Looking again at client-created IDs
I’ll recap this idea.
The client generates an ID. That ID needs to be unique for a given account. I’d use a UUID, which is an 128-bit number. (That’s double the ideal size of an ID, but I’m not too concerned about that.)
(A UUID is necessary because there’s no way to coordinate an incrementing 64-bit number.)
This solves the case where a user signs out of their account and signs in with a different account (which may or may not be new). Those client-generated IDs would survive this process — which is what I want. Though notes under a different account are different notes, and would get stored as such on the server, those same client IDs would be fine since the server enforces uniqueness on account ID + client ID.
What worried me last night, though, was the bad client scenario. An attacker.
A digression about security
I design as if anything can happen. An example: what if the server-side code got leaked?
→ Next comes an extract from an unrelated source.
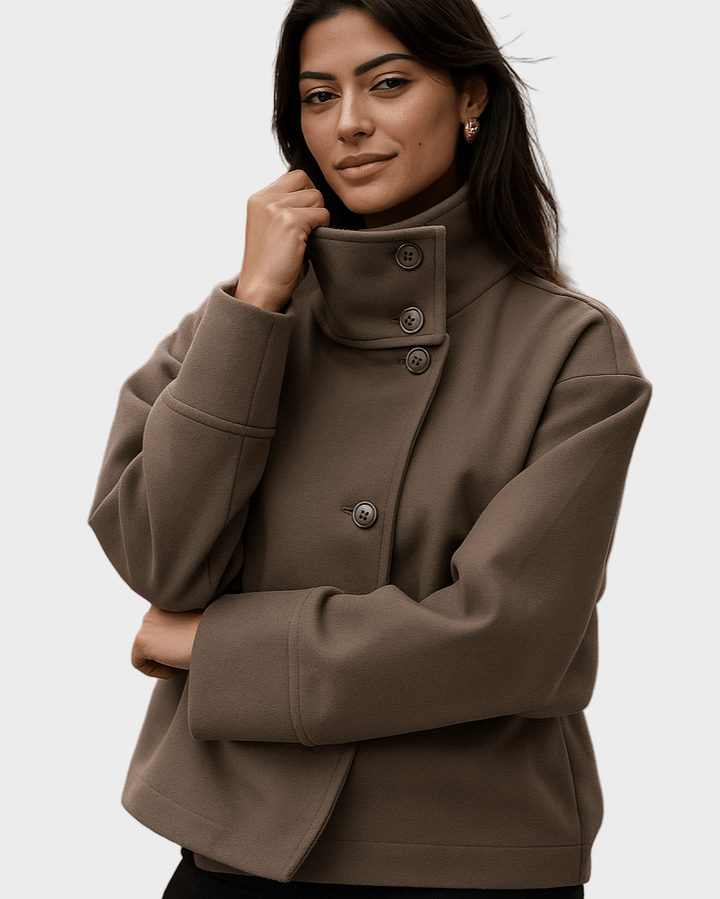 Elegant damejakke med kort snit, perfekt til efterår/vinter mode.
Would the system be hackable? (No.)
What if the client-side code also got leaked? (Still not hackable.)
But let me be more specific: if an attacker knows the API and has a user’s credentials, that attacker could conceivably access and change that user’s data.
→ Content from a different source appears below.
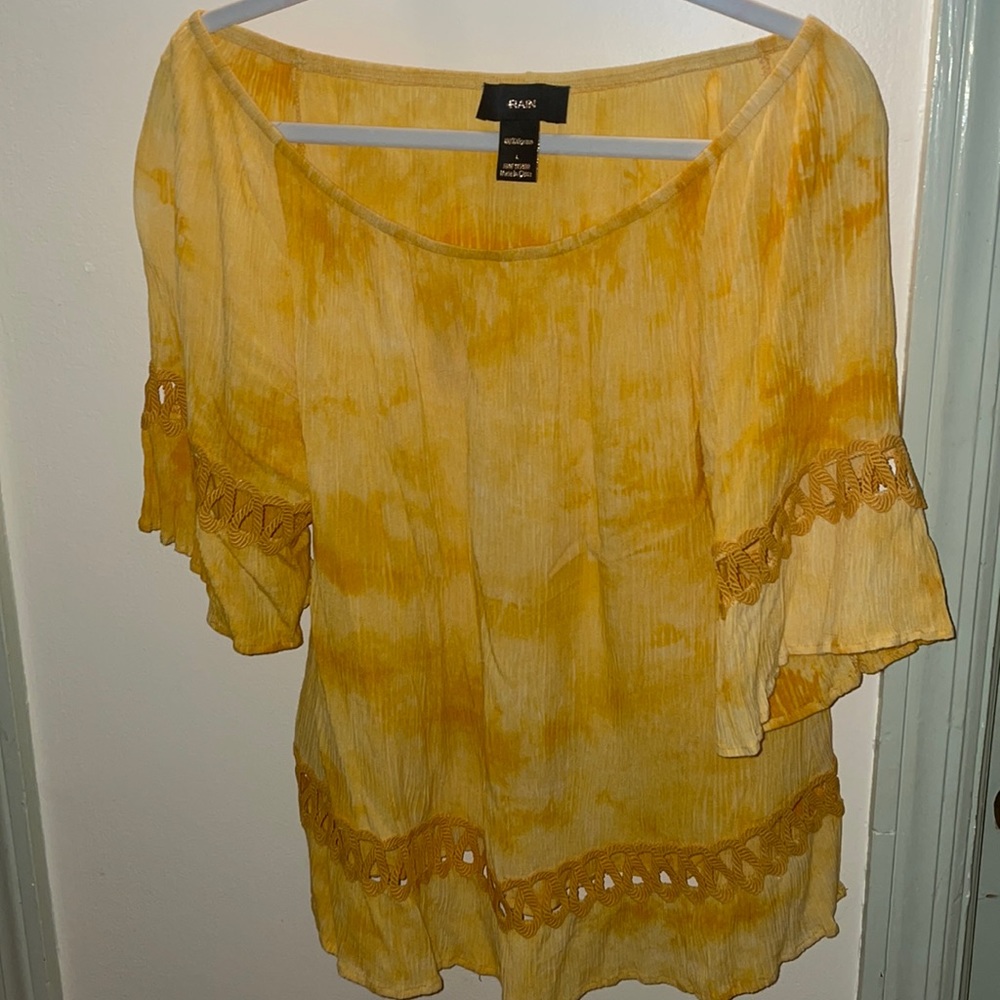 Pretty Yellow 3/4 sleeve top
I don’t know of a way around this.
But this is no different from any other service. For example, if you learn my Twitter credentials, you can tweet as me. (You don’t even have to reverse-engineer the Twitter API first.)
Bad clients and client IDs
The scenario that worried me last night was the attacker who figured out our API and had a user’s credentials.
That attacker could supply bogus client IDs for notes.
The damage would be limited to just that user, since uniqueness is account ID + client ID. (That attacker wouldn’t get access to data from another user, in other words.)
Also: if the attacker supplied bogus client IDs that were actually unique for that account, it wouldn’t matter. The system would work properly.
Furthermore, I could add a check: two ostensibly-the-same notes identified by client ID + account ID must have the same creation date, since creation date can’t change. Otherwise it’s an error.
But here’s why this scenario isn’t worth worrying about: what are the chances that an attacker just wants to screw around a little by supplying bogus IDs?
Most likely that attacker would do much worse things. (Consider that someone hacking my Twitter account wouldn’t want to do some slight and hard-to-detect mischief — they’d do something more dramatic.)
The only scenario that I can think of where an attacker supplies bogus IDs is where they’re trying to get information from other accounts. But we’ve made that impossible by saying that IDs are unique only to a given account. (Lookups on the server are always done with an ID/accountID pair.)
Going with client-generated IDs
That’s the upshot. I’m going with client-generated IDs.
Update 1 pm: Regarding coordinating incrementing a 64-bit integer, Kyle Sluder reminded me of vector clocks. Good point, but not worth the trouble here.